Content starts

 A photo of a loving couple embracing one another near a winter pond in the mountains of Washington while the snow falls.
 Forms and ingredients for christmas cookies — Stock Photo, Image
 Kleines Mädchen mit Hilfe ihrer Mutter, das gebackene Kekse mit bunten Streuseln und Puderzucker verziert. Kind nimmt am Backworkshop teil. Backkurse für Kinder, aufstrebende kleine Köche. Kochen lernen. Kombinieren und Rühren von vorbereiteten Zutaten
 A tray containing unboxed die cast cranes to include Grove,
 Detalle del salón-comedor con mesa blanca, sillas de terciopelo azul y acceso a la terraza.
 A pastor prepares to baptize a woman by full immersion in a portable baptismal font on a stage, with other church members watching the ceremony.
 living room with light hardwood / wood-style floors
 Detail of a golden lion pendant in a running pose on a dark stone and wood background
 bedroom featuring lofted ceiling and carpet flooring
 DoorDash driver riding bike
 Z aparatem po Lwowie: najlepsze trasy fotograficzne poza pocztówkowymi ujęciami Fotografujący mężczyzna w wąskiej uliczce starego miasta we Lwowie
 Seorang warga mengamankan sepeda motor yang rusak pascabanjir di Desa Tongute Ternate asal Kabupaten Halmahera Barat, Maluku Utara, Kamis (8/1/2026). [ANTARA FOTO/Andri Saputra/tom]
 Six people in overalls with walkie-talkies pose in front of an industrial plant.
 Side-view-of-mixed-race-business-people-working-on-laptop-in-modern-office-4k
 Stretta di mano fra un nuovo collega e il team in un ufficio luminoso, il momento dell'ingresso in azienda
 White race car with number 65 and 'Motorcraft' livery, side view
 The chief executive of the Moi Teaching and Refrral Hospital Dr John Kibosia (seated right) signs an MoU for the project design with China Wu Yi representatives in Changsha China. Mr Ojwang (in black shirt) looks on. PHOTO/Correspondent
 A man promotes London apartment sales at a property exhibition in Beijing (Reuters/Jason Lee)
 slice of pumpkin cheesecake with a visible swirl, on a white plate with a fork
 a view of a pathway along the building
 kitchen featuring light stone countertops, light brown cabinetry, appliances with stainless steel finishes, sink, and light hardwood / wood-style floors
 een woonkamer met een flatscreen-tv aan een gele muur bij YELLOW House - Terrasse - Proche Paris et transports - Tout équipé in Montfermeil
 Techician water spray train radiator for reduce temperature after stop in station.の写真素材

Content ends

### Assigned task
Go through the listing above and copy each line exactly.

### Response area
 A photo of a loving couple embracing one another near a winter pond in the mountains of Washington while the snow falls.
 Forms and ingredients for christmas cookies — Stock Photo, Image
 Kleines Mädchen mit Hilfe ihrer Mutter, das gebackene Kekse mit bunten Streuseln und Puderzucker verziert. Kind nimmt am Backworkshop teil. Backkurse für Kinder, aufstrebende kleine Köche. Kochen lernen. Kombinieren und Rühren von vorbereiteten Zutaten
 A tray containing unboxed die cast cranes to include Grove,
 Detalle del salón-comedor con mesa blanca, sillas de terciopelo azul y acceso a la terraza.
 A pastor prepares to baptize a woman by full immersion in a portable baptismal font on a stage, with other church members watching the ceremony.
 living room with light hardwood / wood-style floors
 Detail of a golden lion pendant in a running pose on a dark stone and wood background
 bedroom featuring lofted ceiling and carpet flooring
 DoorDash driver riding bike
 Z aparatem po Lwowie: najlepsze trasy fotograficzne poza pocztówkowymi ujęciami Fotografujący mężczyzna w wąskiej uliczce starego miasta we Lwowie
 Seorang warga mengamankan sepeda motor yang rusak pascabanjir di Desa Tongute Ternate asal Kabupaten Halmahera Barat, Maluku Utara, Kamis (8/1/2026). [ANTARA FOTO/Andri Saputra/tom]
 Six people in overalls with walkie-talkies pose in front of an industrial plant.
 Side-view-of-mixed-race-business-people-working-on-laptop-in-modern-office-4k
 Stretta di mano fra un nuovo collega e il team in un ufficio luminoso, il momento dell'ingresso in azienda
 White race car with number 65 and 'Motorcraft' livery, side view
 The chief executive of the Moi Teaching and Refrral Hospital Dr John Kibosia (seated right) signs an MoU for the project design with China Wu Yi representatives in Changsha China. Mr Ojwang (in black shirt) looks on. PHOTO/Correspondent
 A man promotes London apartment sales at a property exhibition in Beijing (Reuters/Jason Lee)
 slice of pumpkin cheesecake with a visible swirl, on a white plate with a fork
 a view of a pathway along the building
 kitchen featuring light stone countertops, light brown cabinetry, appliances with stainless steel finishes, sink, and light hardwood / wood-style floors
 een woonkamer met een flatscreen-tv aan een gele muur bij YELLOW House - Terrasse - Proche Paris et transports - Tout équipé in Montfermeil
 Techician water spray train radiator for reduce temperature after stop in station.の写真素材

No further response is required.